14. The system of claim 13, further comprising:

a MR scanner configured to collect the MRE imaging data of the subject; and

a driver configured to generate shear waves in a tissue of interest of a subject.

15. The system of claim 13, wherein the AI classification model comprises a binary classification model.

16. The system of claim 13, wherein the AI classification model comprises an explainable AI (XAI) model configured to determine, based on features of a non-diagnostic quality image, a predicted artifact source.

17. The system of claim 13, wherein the MRE imaging data comprises MRE magnitude images, 2D Fast Fourier transform (FFT) of MRE magnitude images, or a combination thereof.

18. The system of claim 13, further comprising a trained AI segmentation model configured to generate a segmentation mask corresponding to a region of interest within the filtered data set of MRE imaging data.
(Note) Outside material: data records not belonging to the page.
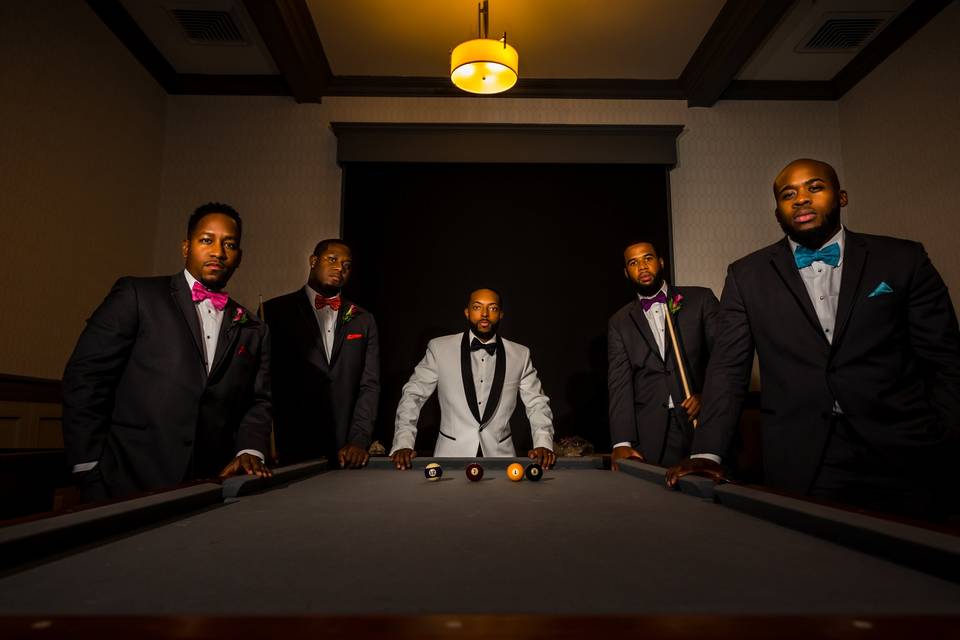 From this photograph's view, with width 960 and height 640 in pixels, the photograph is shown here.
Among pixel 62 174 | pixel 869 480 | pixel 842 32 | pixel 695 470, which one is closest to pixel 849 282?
pixel 869 480

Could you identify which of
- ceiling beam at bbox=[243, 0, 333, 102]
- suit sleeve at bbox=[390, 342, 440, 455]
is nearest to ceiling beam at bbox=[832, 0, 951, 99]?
suit sleeve at bbox=[390, 342, 440, 455]

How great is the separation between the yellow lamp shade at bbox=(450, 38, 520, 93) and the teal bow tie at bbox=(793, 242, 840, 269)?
2.04 m

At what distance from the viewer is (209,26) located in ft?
13.6

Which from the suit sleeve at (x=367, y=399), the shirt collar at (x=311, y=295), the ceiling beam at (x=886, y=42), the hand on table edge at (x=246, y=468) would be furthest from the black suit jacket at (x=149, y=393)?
the ceiling beam at (x=886, y=42)

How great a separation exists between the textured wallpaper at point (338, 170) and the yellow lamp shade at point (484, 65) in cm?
130

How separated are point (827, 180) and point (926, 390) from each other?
2.35 feet

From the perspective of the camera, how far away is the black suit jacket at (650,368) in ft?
9.86

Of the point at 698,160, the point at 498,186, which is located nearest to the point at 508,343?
the point at 498,186

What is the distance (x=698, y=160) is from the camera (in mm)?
4961

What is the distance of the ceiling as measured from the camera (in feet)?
13.0

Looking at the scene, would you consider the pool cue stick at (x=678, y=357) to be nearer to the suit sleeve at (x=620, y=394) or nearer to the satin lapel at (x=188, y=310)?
the suit sleeve at (x=620, y=394)

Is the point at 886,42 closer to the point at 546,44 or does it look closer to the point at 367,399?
the point at 546,44

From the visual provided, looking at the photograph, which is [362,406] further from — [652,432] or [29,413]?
[29,413]

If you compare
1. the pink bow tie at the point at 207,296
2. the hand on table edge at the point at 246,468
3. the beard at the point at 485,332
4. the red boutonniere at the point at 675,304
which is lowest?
the hand on table edge at the point at 246,468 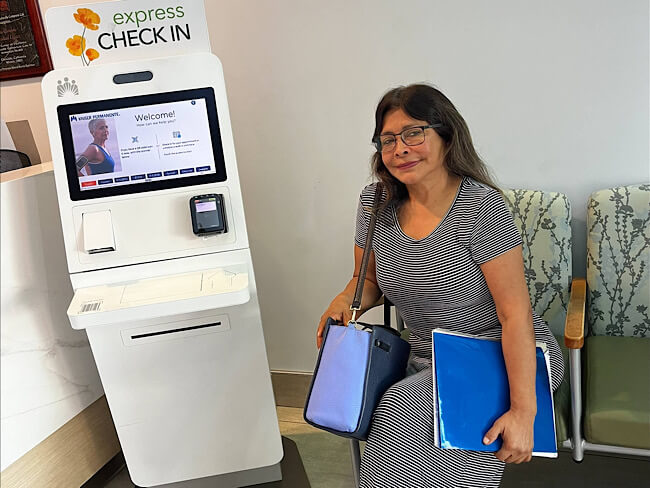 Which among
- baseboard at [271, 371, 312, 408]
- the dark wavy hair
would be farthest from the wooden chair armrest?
baseboard at [271, 371, 312, 408]

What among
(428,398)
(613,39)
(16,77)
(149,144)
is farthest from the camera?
(16,77)

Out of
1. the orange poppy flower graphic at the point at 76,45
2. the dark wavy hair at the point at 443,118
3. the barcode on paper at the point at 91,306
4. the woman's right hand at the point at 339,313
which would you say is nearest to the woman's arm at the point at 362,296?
the woman's right hand at the point at 339,313

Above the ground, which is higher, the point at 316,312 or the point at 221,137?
the point at 221,137

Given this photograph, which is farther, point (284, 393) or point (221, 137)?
point (284, 393)

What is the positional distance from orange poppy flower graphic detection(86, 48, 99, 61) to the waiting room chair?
489mm

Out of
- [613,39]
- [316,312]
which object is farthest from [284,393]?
[613,39]

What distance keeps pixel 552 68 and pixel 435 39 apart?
0.40 meters

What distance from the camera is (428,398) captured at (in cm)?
158

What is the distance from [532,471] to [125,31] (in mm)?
1898

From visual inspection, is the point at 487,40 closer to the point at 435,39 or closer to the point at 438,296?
the point at 435,39

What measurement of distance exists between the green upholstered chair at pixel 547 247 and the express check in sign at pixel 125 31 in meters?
1.15

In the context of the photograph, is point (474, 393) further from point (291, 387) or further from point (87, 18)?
point (87, 18)

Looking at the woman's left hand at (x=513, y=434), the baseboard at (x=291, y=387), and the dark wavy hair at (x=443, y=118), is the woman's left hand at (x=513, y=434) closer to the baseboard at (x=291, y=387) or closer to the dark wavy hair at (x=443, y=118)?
the dark wavy hair at (x=443, y=118)

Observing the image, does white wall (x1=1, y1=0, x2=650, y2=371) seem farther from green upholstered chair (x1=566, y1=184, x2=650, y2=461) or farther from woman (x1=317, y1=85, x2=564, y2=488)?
woman (x1=317, y1=85, x2=564, y2=488)
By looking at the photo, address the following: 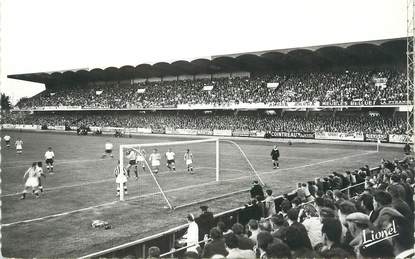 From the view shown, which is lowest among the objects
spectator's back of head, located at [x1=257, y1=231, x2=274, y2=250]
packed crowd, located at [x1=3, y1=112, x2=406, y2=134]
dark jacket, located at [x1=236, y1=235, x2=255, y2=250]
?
dark jacket, located at [x1=236, y1=235, x2=255, y2=250]

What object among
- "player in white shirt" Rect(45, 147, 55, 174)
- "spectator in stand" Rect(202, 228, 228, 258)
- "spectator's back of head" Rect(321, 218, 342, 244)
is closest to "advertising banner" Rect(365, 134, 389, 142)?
"player in white shirt" Rect(45, 147, 55, 174)

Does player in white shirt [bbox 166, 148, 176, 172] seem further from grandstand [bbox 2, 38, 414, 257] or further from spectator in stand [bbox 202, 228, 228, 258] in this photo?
spectator in stand [bbox 202, 228, 228, 258]

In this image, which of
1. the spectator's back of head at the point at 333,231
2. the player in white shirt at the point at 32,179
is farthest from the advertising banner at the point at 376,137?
the spectator's back of head at the point at 333,231

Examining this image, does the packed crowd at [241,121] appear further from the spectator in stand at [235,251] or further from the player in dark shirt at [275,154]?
the spectator in stand at [235,251]

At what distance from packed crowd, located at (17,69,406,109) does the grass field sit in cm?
1854

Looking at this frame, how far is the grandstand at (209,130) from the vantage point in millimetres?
11711

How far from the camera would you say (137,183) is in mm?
19781

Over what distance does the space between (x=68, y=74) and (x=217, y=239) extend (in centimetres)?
7540

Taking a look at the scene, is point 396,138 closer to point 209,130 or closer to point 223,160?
point 223,160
19. The system of claim 18, wherein the trained AI segmentation model is further configured to determine a measurable stiffness area within the filtered data set of MRE imaging data.

20. The system of claim 19, wherein the system is further configured to determine the measurable stiffness area for the filtered data set of MRE imaging data using an intersection over union (IoU) of the segmentation mask and a thresholded confidence map obtained from the trained AI segmentation model.